I'm one of the first persons in the diner. Seated across from me is a seasoned train traveler, a teacher educator in his early forties. "What does an MIT boy know about grits?" he queries me. Well, nothing but for my two childhood years in Mississippi. He reminisces about his days at Brandeis, about ZBT. It seems like everybody in Boston has a story about at least one MIT fraternity.
Only a couple of other people in the diner, so the waiter comes and chats. The natural topic of conversation is the delay. "Oh, you didn't know about that?" he asks, and pulls out a bulletin from CSX from the day before. Apparently, if the eastbound Capitol Limited was more than thirty minutes late, it would miss its "slot," get stuck behind a long freight, and be delayed by at least five hours. Of course, the eastbound was late by two hours. This piece of misplaced information could've saved three hours wasted in the DC ClubAcela lounge.
The mountainous landscape begins to fill up with industry as we approach Pittsburgh. Automobile junkyards, larger scrap metal processors, long trains filled with coal.

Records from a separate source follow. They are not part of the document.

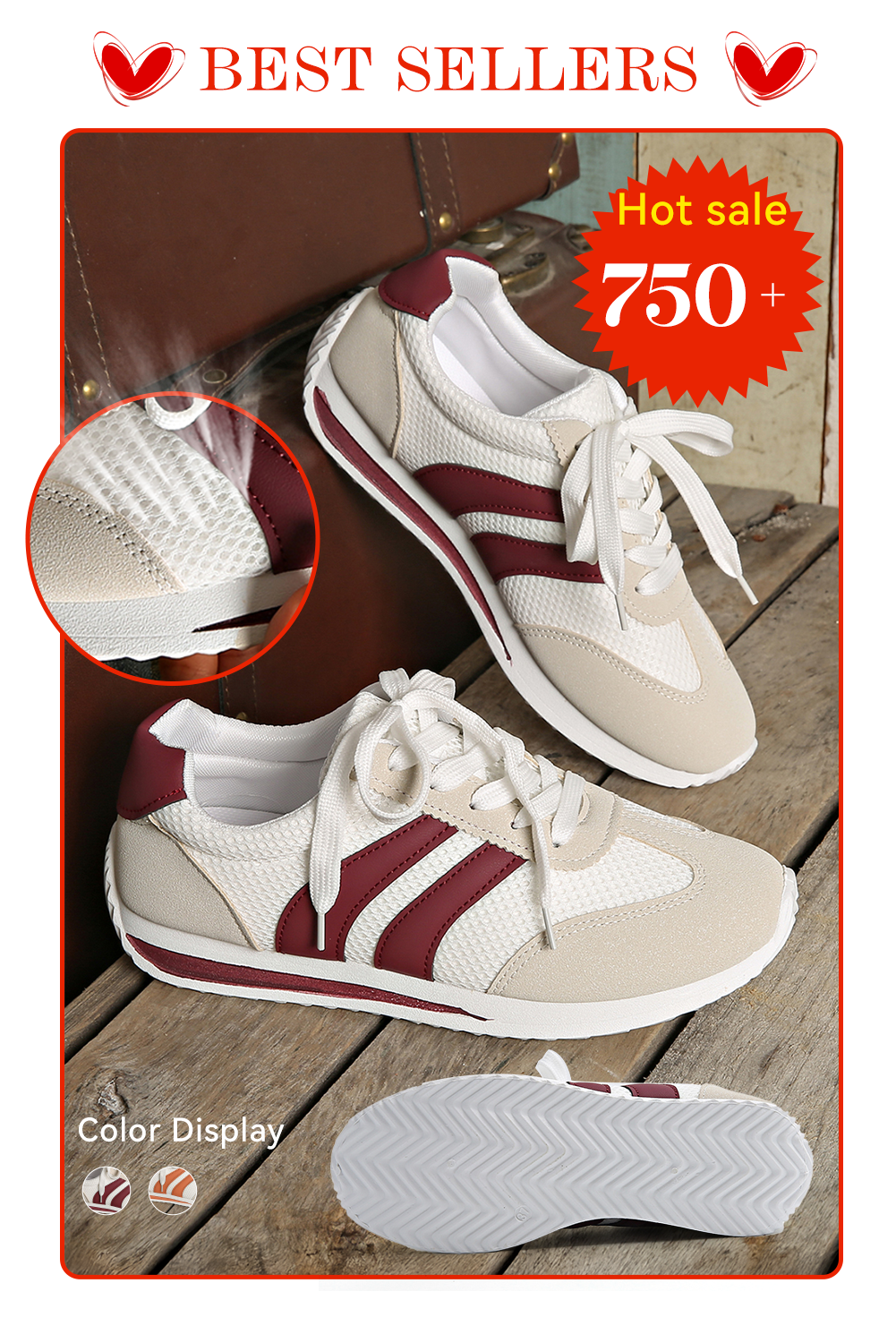 Stacey B's Blackish Green Patchwork Breathable Lace Up Sneakers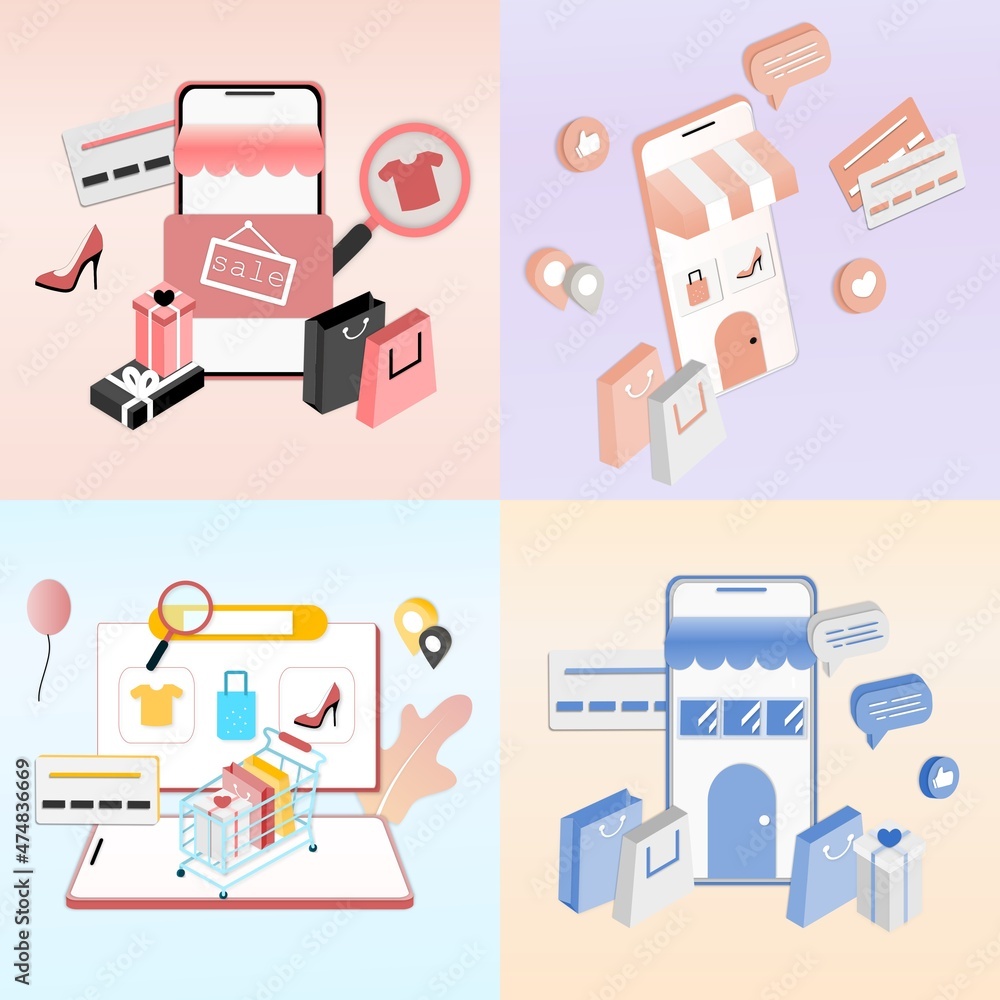 Poster set of 3d realistic online shopping on website or mobile application concept of vector marketing and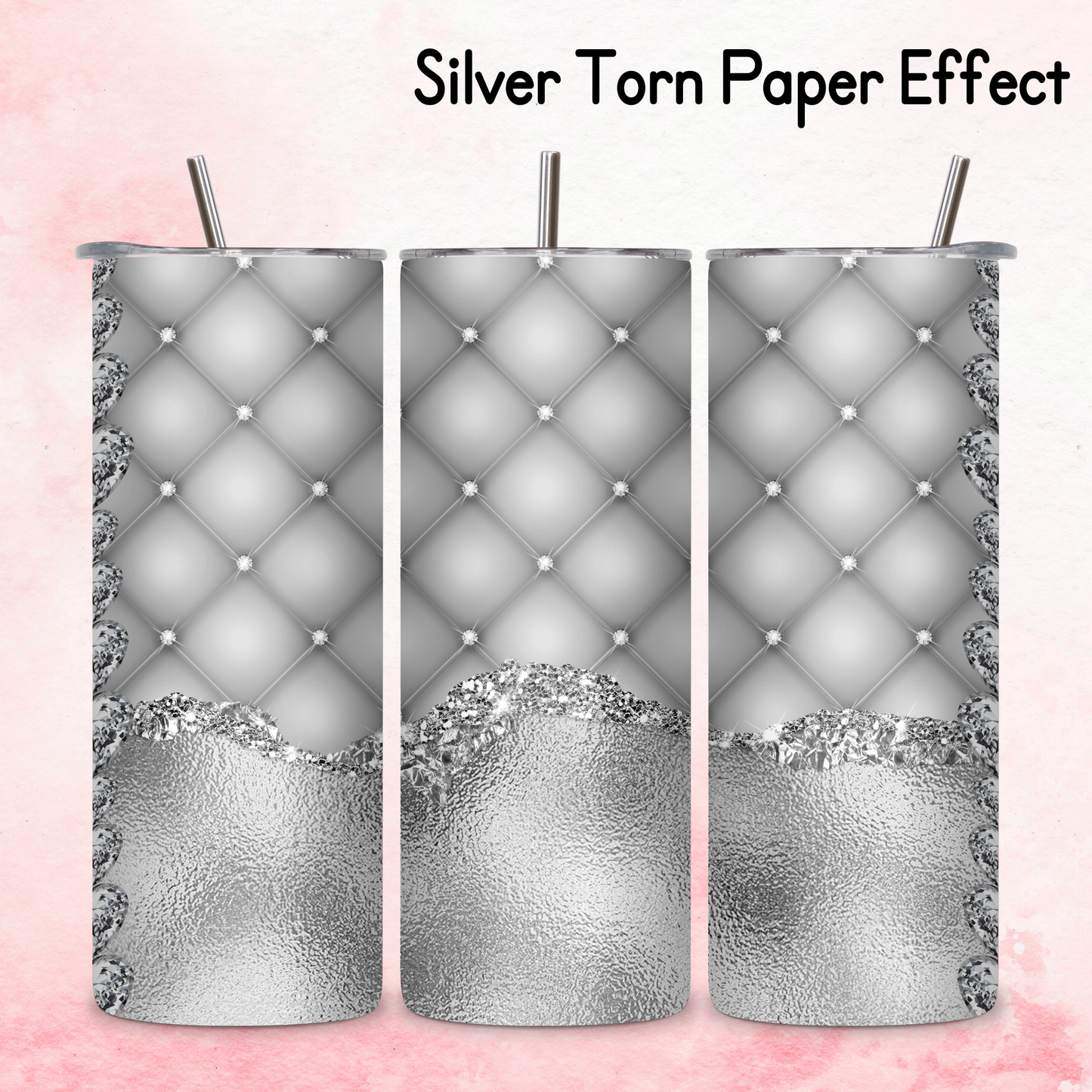 Diamante Edge Torn Paper Effect Tumbler Wrap - Silver Grey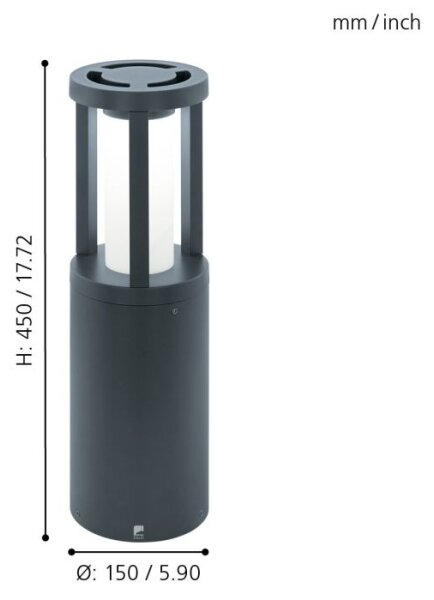 Eglo 97252 - Lampă LED de exterior GISOLA, 12 W, 230 V, IP44, 450 mm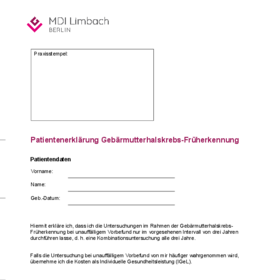 Patientenerklärung zur Früherkennung von Gebärmutterhalskrebs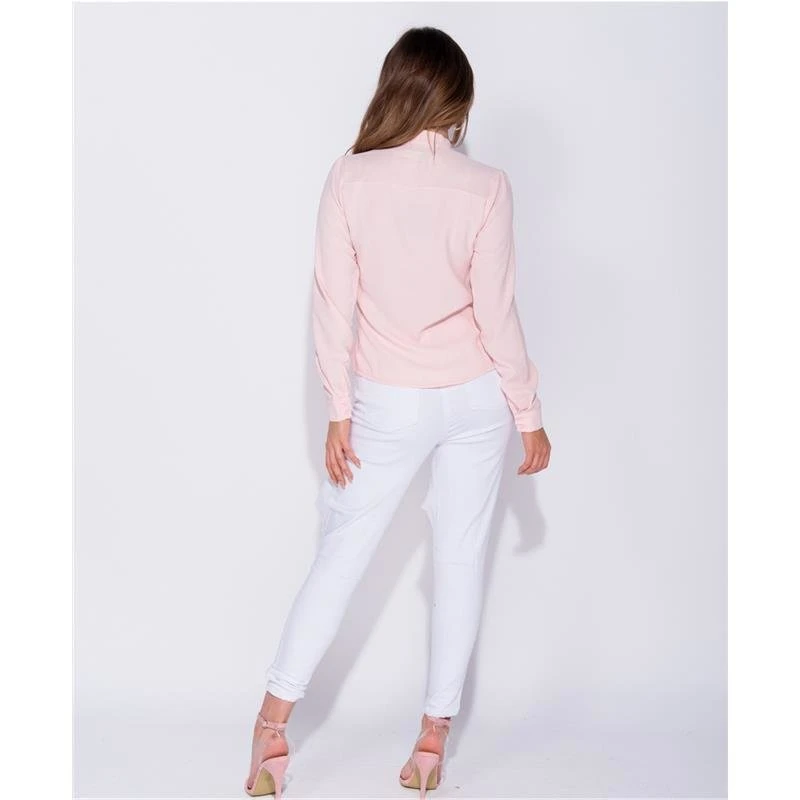Elegante Damen Langarm-Schluppenbluse Mit Volants Rosa 8 Elegante Damen Langarm-Schluppenbluse Mit Volants Rosa – Bild 6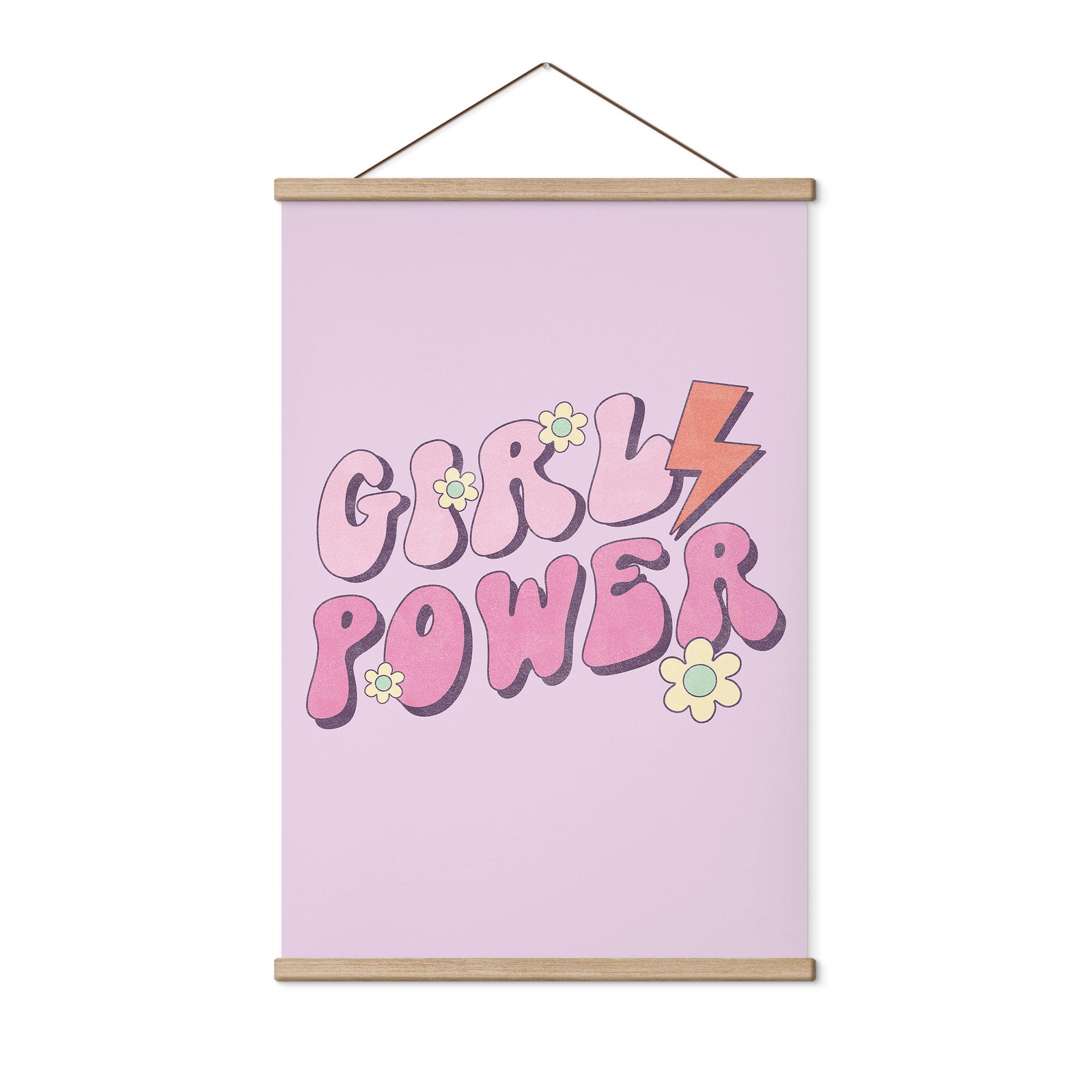 Tekstil plakat Girl Power retro bogstaver lilla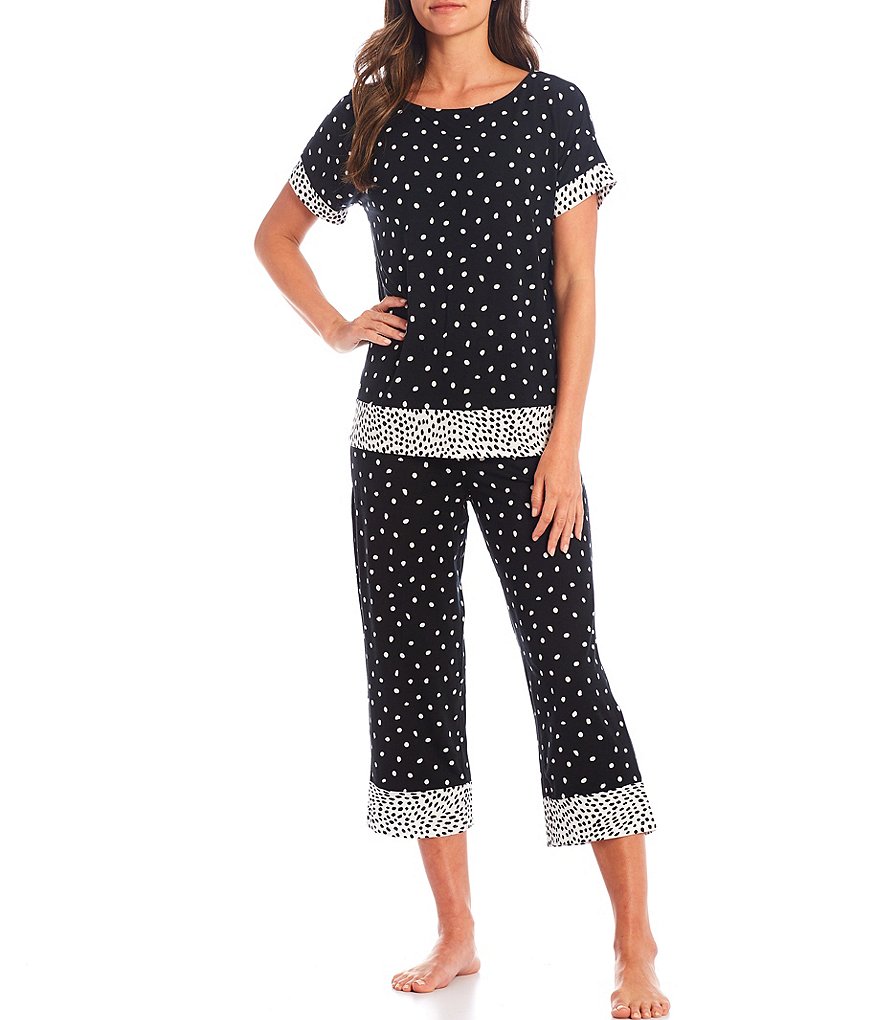 Donna Karan Dot Print Jersey Knit Coordinating Capri Sleep Pants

At Pittsburgh I contemplate risking a dash to the station for a newspaper and decide against it. My grandfather's words about not going too far from the train come to mind. Another passenger takes the risk and returns with a Journal which ends up in many sections in the lounge car, passed around by the news-starved passengers. I needn't have worried about a short station stop; we drop off some third-class US Mail at Pittsburgh and wait for forklifts to arrive to do the job. Three months later Amtrak would exit the mail-carrying business, citing the additional delay it causes to trains.